Being a lucky member of the industry and media, I was invited to the early tasting before the general public arrived and as I walked through the door I was greeted with a glass and some info on the wines, a pulled pork slider and a pour of the new cider. Jonathan Oakes was socializing with some growers and I had a chance to compliment him again on the deliciousness in my glass and get some more information about the newest addition to the winery’s tasting menu.

Lenn_Goldrush_03As diverse as the Niagara USA growing region is with vinifera, native, fruit and hybrid wines, Leonard Oakes is the first to make a true cider and their decision to go traditional was made a decade ago with LynOaken Farm’s planting of ten different English Heritage apple varieties.

After years of experimenting with small batches Oakes was convinced he could create a cider with the complexity and funk of the English ciders with the crisp, clean forward fruit flavors he thought the American palate would appreciate.

“We wanted to go away from the syrupy sweet over processed additive heavy ciders and go for a pure reflection of the apple with the structure of the English style combined with the American ideal of cider,” explained Oakes (pictured below left).

The winery’s own description of Steampunk says it all:

Lenn_DoubleGold_02"Using a mélange of traditional English bitter sweet (Elllis Bitter, Binet Rouge, Chisel J, Dabinette, Harry Master, Major, Michelin, Madaille, Brown Snout, Sommerset Red Streak, Tremalt ) and new age dessert apples (Fuji and Braeburn), Steampunk CIDER is the geared up infusion of old world style with new world flare."

  From what I’ve tasted, combined with what I’ve seen firsthand from when people taste it, it looks like Oakes has achieved exactly what he set out to.
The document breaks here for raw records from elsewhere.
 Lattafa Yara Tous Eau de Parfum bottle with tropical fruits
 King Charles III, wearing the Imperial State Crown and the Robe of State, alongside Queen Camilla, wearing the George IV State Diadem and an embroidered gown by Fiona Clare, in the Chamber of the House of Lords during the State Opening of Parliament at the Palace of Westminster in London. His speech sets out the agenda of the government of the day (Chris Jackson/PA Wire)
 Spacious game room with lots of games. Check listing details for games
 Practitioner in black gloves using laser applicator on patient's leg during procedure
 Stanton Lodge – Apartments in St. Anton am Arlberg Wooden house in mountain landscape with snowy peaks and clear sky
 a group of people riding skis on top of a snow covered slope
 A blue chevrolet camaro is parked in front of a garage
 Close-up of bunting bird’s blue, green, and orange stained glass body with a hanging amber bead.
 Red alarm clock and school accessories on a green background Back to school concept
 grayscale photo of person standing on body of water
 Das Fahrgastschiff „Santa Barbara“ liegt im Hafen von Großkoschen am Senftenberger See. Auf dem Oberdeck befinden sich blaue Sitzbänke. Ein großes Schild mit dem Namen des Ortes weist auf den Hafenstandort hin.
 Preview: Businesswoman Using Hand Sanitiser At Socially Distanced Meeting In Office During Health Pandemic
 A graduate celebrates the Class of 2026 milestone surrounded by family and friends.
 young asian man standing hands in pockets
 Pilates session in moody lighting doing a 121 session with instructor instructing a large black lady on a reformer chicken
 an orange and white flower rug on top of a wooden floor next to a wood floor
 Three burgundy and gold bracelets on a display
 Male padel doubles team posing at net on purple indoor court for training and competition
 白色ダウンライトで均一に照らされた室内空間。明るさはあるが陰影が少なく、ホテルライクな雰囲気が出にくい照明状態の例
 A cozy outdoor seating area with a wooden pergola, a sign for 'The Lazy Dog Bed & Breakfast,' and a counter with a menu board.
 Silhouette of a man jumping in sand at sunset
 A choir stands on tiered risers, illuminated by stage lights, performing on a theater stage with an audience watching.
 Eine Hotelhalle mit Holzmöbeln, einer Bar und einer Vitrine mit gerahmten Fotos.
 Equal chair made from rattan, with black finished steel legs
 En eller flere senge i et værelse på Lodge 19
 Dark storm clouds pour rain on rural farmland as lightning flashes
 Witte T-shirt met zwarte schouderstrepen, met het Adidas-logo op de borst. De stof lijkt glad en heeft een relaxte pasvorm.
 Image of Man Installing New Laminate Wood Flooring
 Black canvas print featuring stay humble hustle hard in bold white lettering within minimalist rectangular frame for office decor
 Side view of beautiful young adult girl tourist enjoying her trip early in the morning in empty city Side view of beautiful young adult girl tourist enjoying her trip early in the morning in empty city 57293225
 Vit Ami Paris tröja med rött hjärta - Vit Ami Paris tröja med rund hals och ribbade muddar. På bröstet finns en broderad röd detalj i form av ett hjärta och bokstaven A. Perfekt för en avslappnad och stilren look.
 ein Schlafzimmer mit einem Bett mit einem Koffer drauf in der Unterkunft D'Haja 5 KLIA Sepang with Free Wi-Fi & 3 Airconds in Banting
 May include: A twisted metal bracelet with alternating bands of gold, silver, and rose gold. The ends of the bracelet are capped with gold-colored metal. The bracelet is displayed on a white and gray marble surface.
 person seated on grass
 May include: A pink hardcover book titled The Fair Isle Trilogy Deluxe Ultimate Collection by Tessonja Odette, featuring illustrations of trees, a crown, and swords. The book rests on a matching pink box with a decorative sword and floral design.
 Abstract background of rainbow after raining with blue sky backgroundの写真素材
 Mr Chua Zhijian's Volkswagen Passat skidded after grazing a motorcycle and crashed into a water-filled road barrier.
One sip of Steampunk inspires a flurry of words akin to refreshing, crisp, complex, clean, mouthwatering and addictive. The result is a dangerous combination of deliciousness and drinkability.

As the public portion of the event began, a sizable line formed from outside the tasting room through the door past the pork sliders and in front of the winemaker pouring his cider.  Jonathan’s enthusiasm and excitement was contagious and everyone I saw was just happy to shake his hand and congratulate him and the winery’s success.

And judging from an equally long line at the cash register as I was leaving, there’s no doubt that Steampunk cider’s popularity will quickly grow among the cider, wine and beer drinkers who can get their hands on it.

I hesitate to even mention what will happen if just a small percentage of grocery stores that carry LynOaken Farms produce are allowed to sell Leonard Oakes’s ciders. Let’s just say there will be more planting of English heritage apple trees in their future.